Wind farm claims amount to outrageous hot-air
Posted on February 05, 2013 at 04:45 PM
Let’s not have another building bubble called Con-Air
Claims by some proponents of wind farms are so outrageous they are unsound, unsustainable, unsafe and unhelpful. Much of what is being bandied about by those pushing wind farms and hundreds of giant turbines for Laois-Offaly, Kildare, Westmeath are ridiculously far-fetched and a load of hot-air which will ultimately damage the genuine cause of wind energy and renewable.

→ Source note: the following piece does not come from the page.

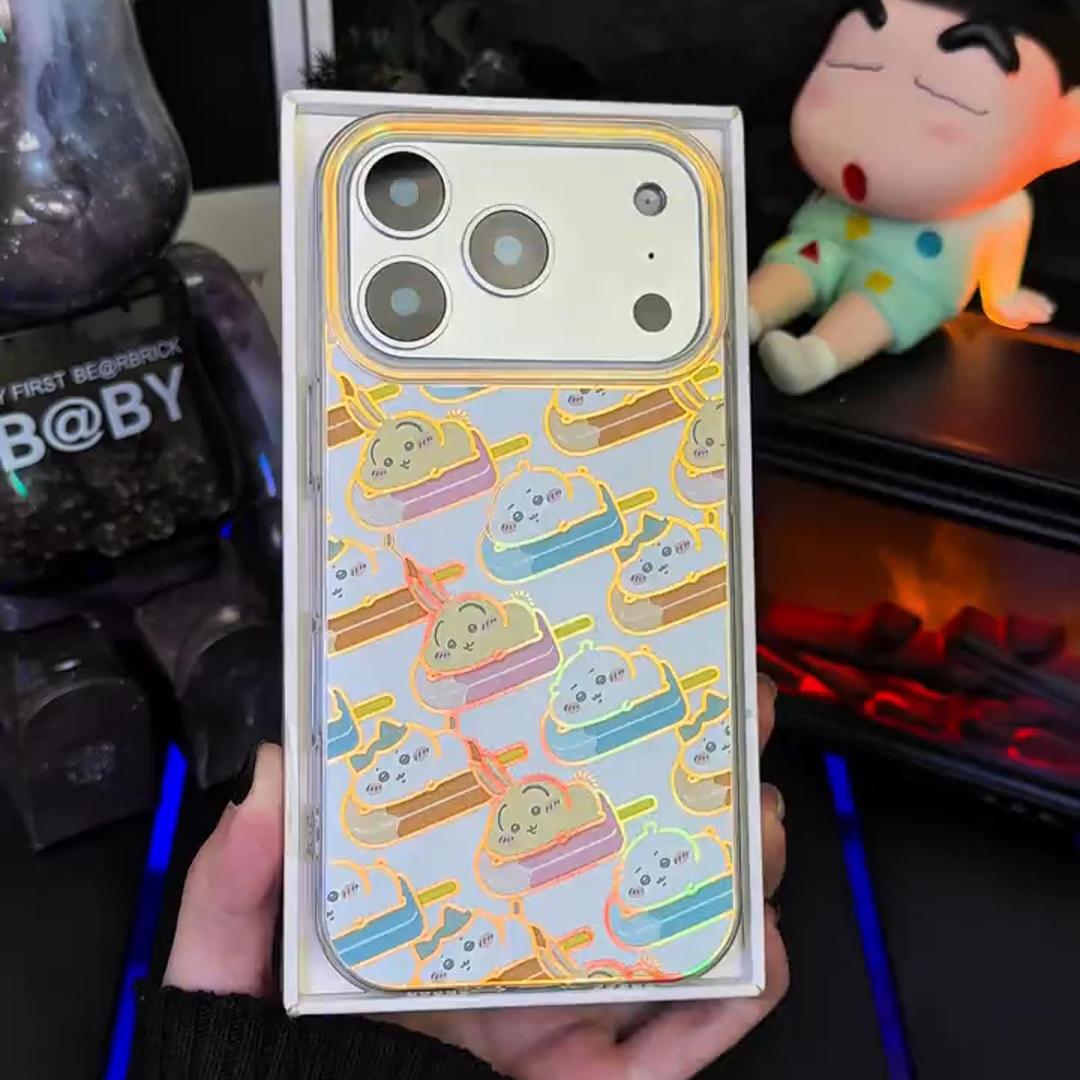 Chiikawa 動漫彩銀/極光線條漸變防摔手機殼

The public are growing more and more sceptical of grossly exaggerated promises of a windfall for farmers and tens of thousands of jobs across the midlands. I too am alarmed. This approach will only serve to damage the renewable sector in the long run, fuel public opposition and sow distrust across rural communities. It is most unhelpful for all concerned and that is why I am raising these concerns.
The proposals for the development of wind farms across the midlands have ballooned out of all proportion going from small clusters of turbines in remote areas and projections of 5,000 jobs and related investment to off the charts predictions of 2,500 turbines and over 70,000 jobs with more noughts still to follow it seems.
The midland counties or indeed the entire country could not cope with wind farm development on the scale now being suggested by some of its advocates. It is neither economically or environmentally sustainable. It would form a blight on the landscape for evermore and lead to the next big bubble idea to go wrong. It is time now to step back and properly assess the merits of what is being proposed in a careful, considered and constructive way.
Otherwise we will in time end up with ghost wind farms rusting across large expanses of our pristine countrywide doing untold and irreparable damage to our environment and the valuable visual amenity so prized by our tourist industry and so valued worldwide. In time the so-called angry men will have a field day touring their latest books chronicling another boom-to-bust episode entitled Con-Air, if we don’t put a stop before it’s too late to all this pie-in-the-sky.
I commend the responsible approach of companies like Bord na Mona and their wind energy development underway at Mount Lucas, Co Offaly. There is no doubt scope for similar schemes on the vast expanse of cutaway bogs and other suitable locations. These will create some jobs, aid our economic revival, and reduce our carbon footprint and our reliance on coal and oil. But let’s not get carried away as there is a limit to what our small country with a dispersed rural population can support and sustain.
Along with Deputy Willie Penrose and Senator John Kelly I have recently met with representatives of CREWE – Communities for Responsible Engagement with Wind Energy – to hear their legitimate concerns first hand. We have also brought the issue directly to Ministers Pat Rabbitte and Jan O’Sullivan. I am also supporting Senator Kelly’s Bill which seeks to establish a statutorily binding and reasonable set-back from dwellings for the massive 185 metre larger than the Spire turbines, so as to project families from the worst effects of shadow flicker and noise from these giant and permanent installations. We will continue to press for legislation in this area as at present the situation is too ad hoc and inconsistent across the country.
I would also respectfully urge farmers to be cautious of those brandishing cheque-books in their faces. There is currently an unseemly and indecent haste to get farmers to sign options for wind turbines on their lands. Some of this is being conducted in a surreptitious fashion with confidentiality clauses effectively amounting to a gagging order. In my view this is not only misleading and totally unfair to neighbouring families but lends itself to obstructing the transparency of the process and planning involved.
Finally, I remain to be convinced how any or all of this wind energy can be transferred or transmitted to the national grid or indeed to the UK as is now being mooted. Sponsors of wind farms insist they are going to underground and yet Eirgrid are adamant that this is not technically or economically feasible. There are a legion of inconsistencies and unanswered questions, not least why the UK itself is shying away from and shunning wind farms despite its vast countryside, nuclear power resources and huge energy requirements.
Furthermore, there is emerging evidence that the massive scale of the wind farms now being proposed for Laois and the midlands is directly connected to Eirgrid’s corporate plan, though this has to date been constantly denied. Eirgrid continue to maintain that their proposed sub-station at Coolnabaca in Ratheniska- Timahoe is ostensibly to facilitate the Laois-Ballyragget reinforcement project. Yet it comes with the redundant capacity to incorporate 20 hi-voltage power lines which would cover our countryside in a web of power lines and pylons. Connectivity for renewable energy to the national grid in Laois is referenced in Eirgrid documents as far back as 2009, and yet the company have never been upfront about this.
Hopefully, the full truth and impact of what is being proposed by these wind farms and Eirgrid will emerge in the crucial oral hearings in the planning process in due course.